How to scale agentic evaluation: Lessons from 200,000 SWE-bench runs
Blog post from AI21 Labs
The evaluation of agentic benchmarks, particularly using AI21 Maestro for SWE-bench Verified, involved addressing significant infrastructure challenges due to the complexity and scale required for statistical confidence. Traditional evaluation methods, designed for short and linear processes, struggled with the stateful, branching nature of agentic systems, necessitating the orchestration of over 200,000 evaluations. Key technical obstacles included managing high-latency, multi-step workflows, ensuring isolated execution environments to prevent state collision, and creating a resilient architecture to handle inevitable infrastructure failures. Initial attempts using local and naive Kubernetes implementations faced issues with resource contention and rate limits, due to assumptions made by the SWE-bench code about local execution environments. A breakthrough was achieved by adopting a multi-tenant simulation environment, allowing shared resources across runs and dramatically reducing failure rates.
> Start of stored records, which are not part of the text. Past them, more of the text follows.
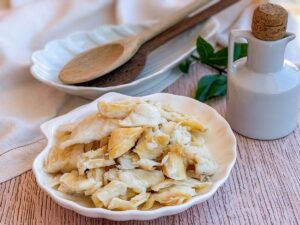 Como dessalgar bacalhau: método rápido, prático e com sabor equilibrado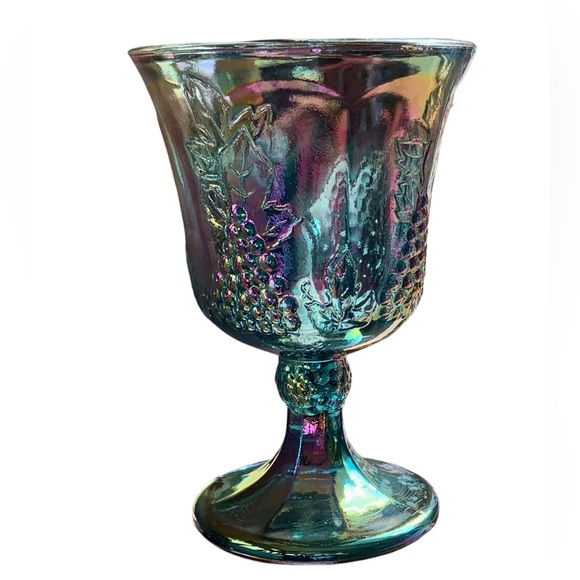 🩸SOLD🩸 1970s Iridescent Harvest Grape Vine Carnival Glass Vintage Globet - Picture 2 of 15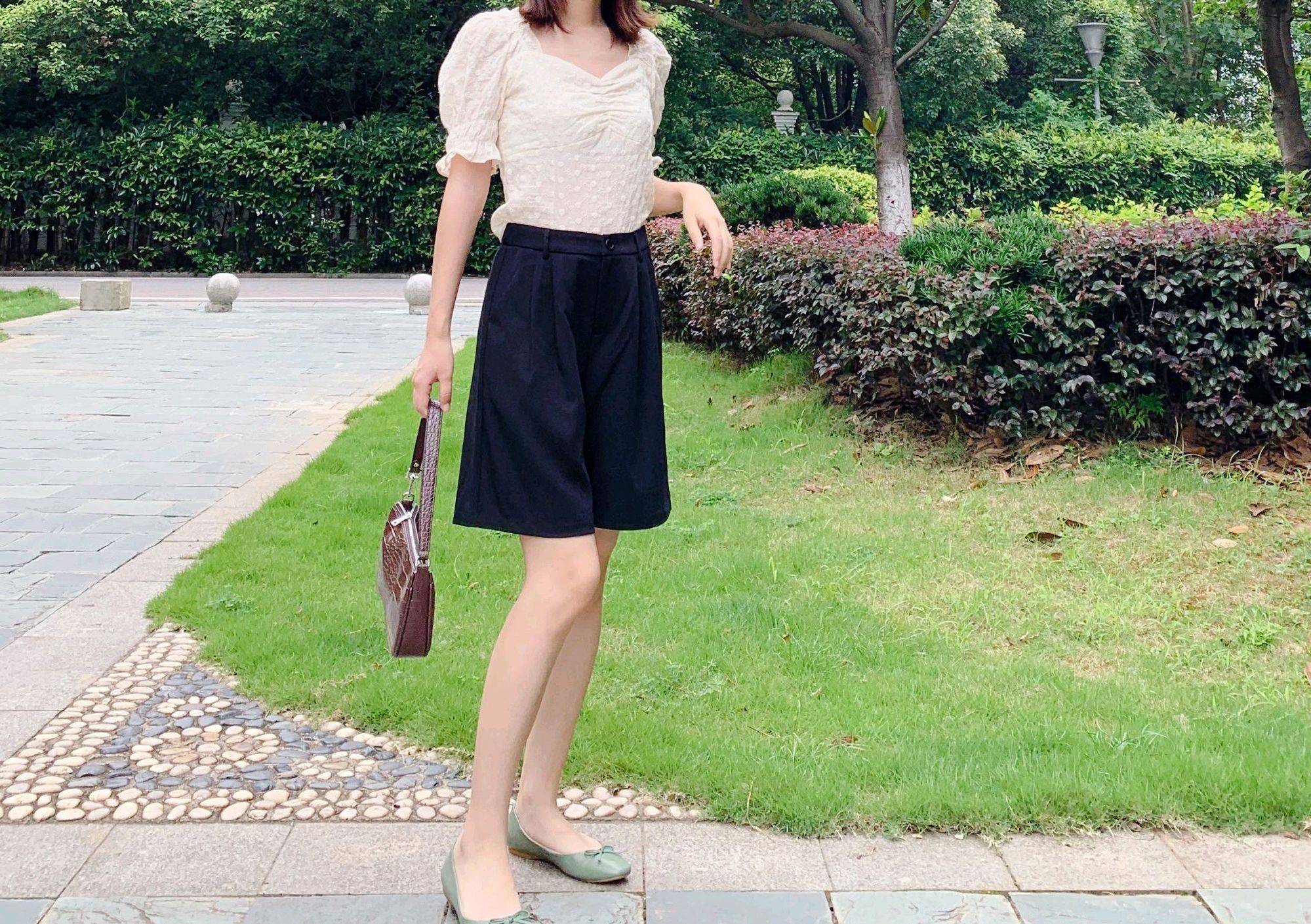 短裙|短裙“失宠”了,今年夏天流行百慕大短裤,郑爽万茜穿上也太A了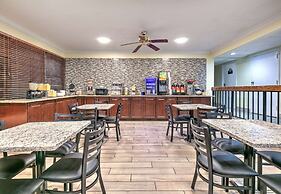 Days Inn by Wyndham Greenville MS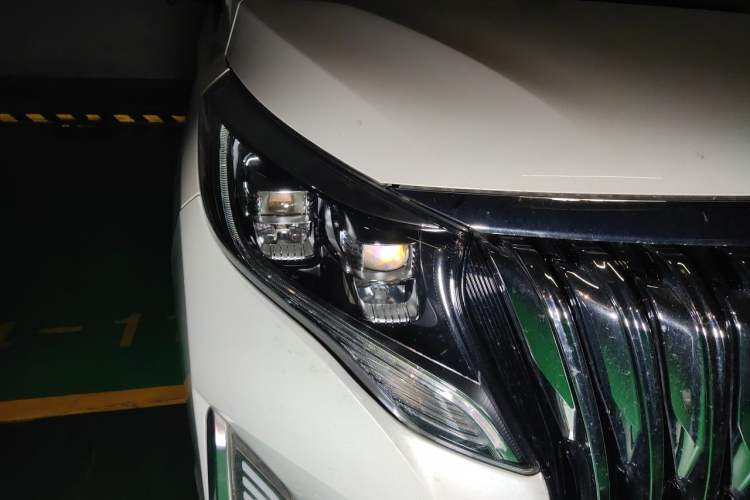 Used GAC Trumpchi M8 2021 Revised Version Lingxiu Series 390T Luxury Edition Right Front Headlight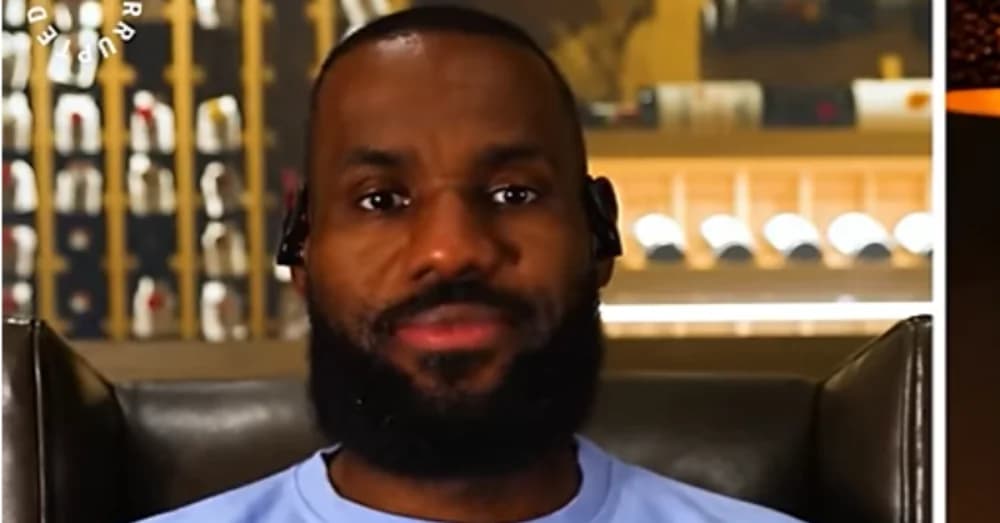 LeBron James Celebrates First Graduate from ‘I Promise’ Program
This setup, capable of supporting up to 8,000 parallel runs, was further optimized by separating the generation and evaluation steps, enabling resumability and efficient analysis even when some runs fail. Scaling this environment not only facilitated statistical confidence but also revealed system efficiencies necessary for real-world applications of enterprise AI systems, underscoring the importance of large-scale, iterative testing.